No circularity: empirical method proposal with no self-referential derivations

full rationale

The paper presents FedUP as a practical one-shot unlearning framework that freezes the backbone and trains pluggable filters on DP-protected class centroids at the server. All claims rest on the architectural description and reported experiments rather than any mathematical derivation, fitted parameter renamed as prediction, or load-bearing self-citation chain.

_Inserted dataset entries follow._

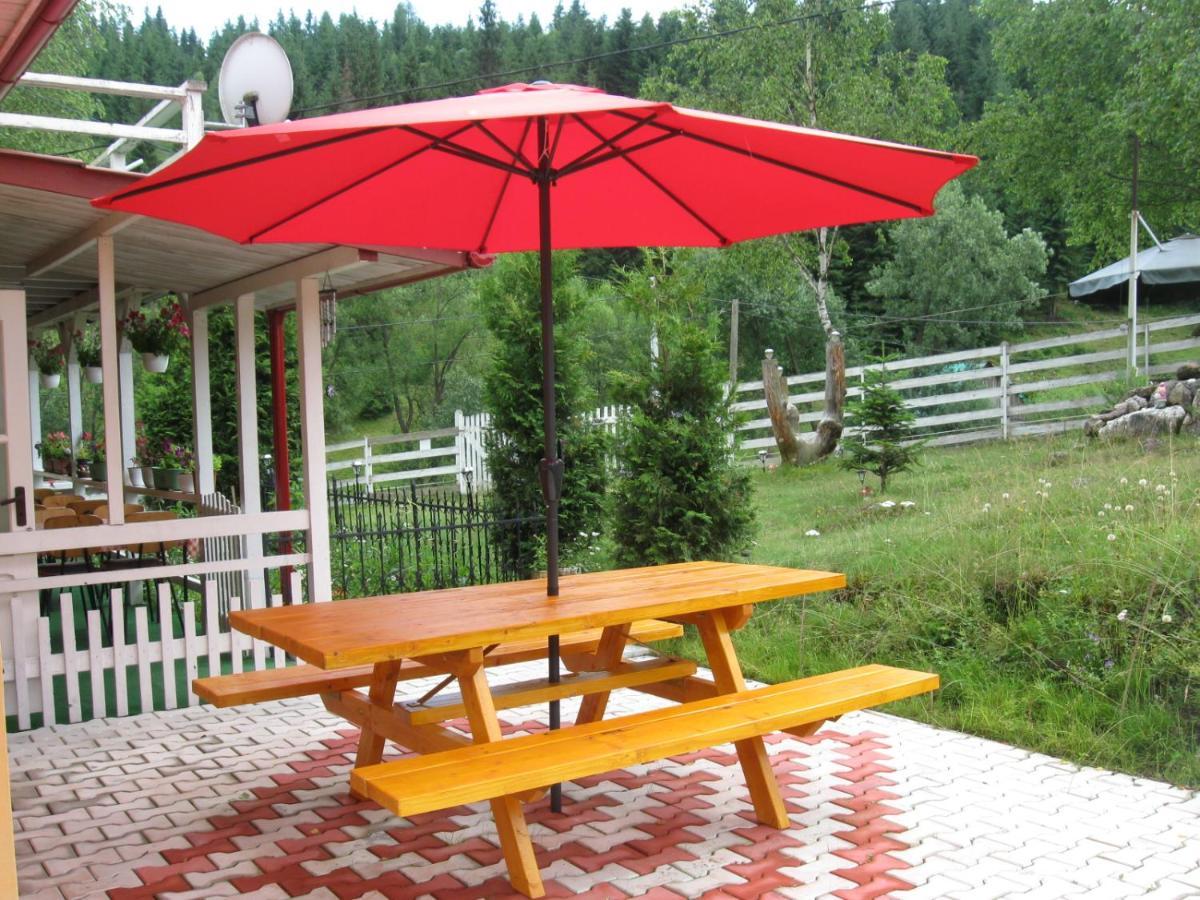 Podina Guest House Poiana Horea Екстериор снимка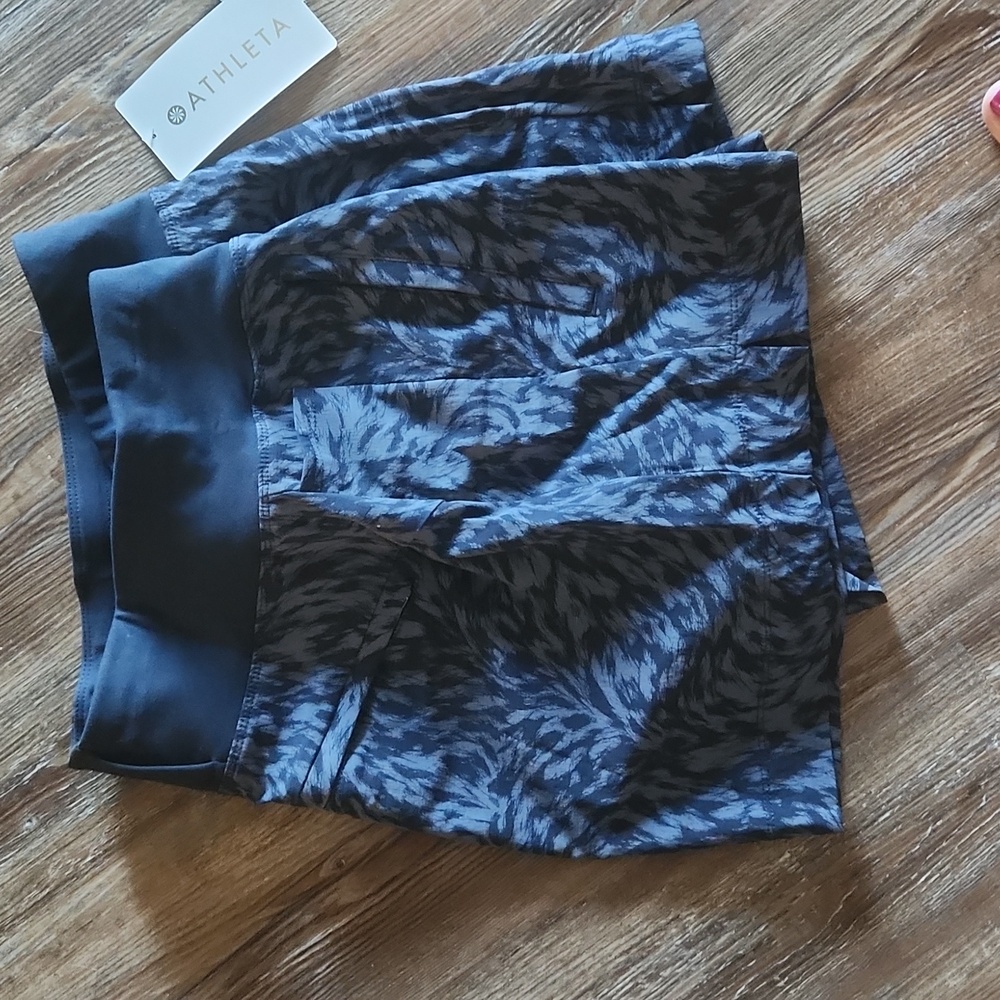 BNWT Athleta shorts - Picture 2 of 4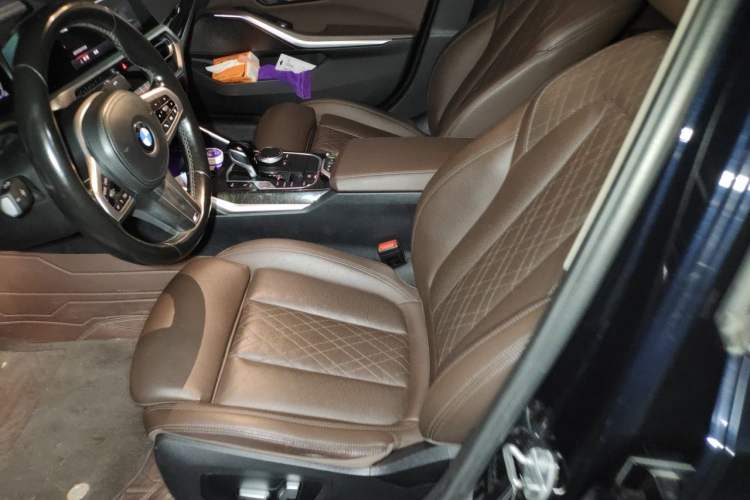 Used BMW 3 Series 2022 325Li M Sport Package Left Front Seat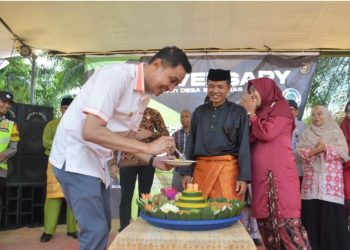 Penjabat (Pj) Bupati Kabupaten Muaro Jambi, Bahcyuni Deliansyah saat menghadiri Acara Anniversary 28 tahun Desa Bukit Mas, Kecamatan Sungai Bahar pada Sabtu, (23/12/2023). [Foto: Diskominfo Muaro Jambi]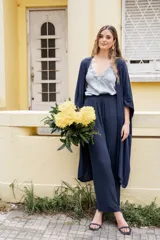 Kimono azul marino con terminación en razo.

No equations appear that reduce a claimed result to its own inputs by construction, and the method is offered as an engineering solution validated empirically on image and text tasks.

Axiom & Free-Parameter Ledger

0 free parameters · 0 axioms · 0 invented entities

Only abstract available; no explicit free parameters, axioms, or invented entities are detailed. The approach implicitly relies on standard differential privacy and federated learning assumptions.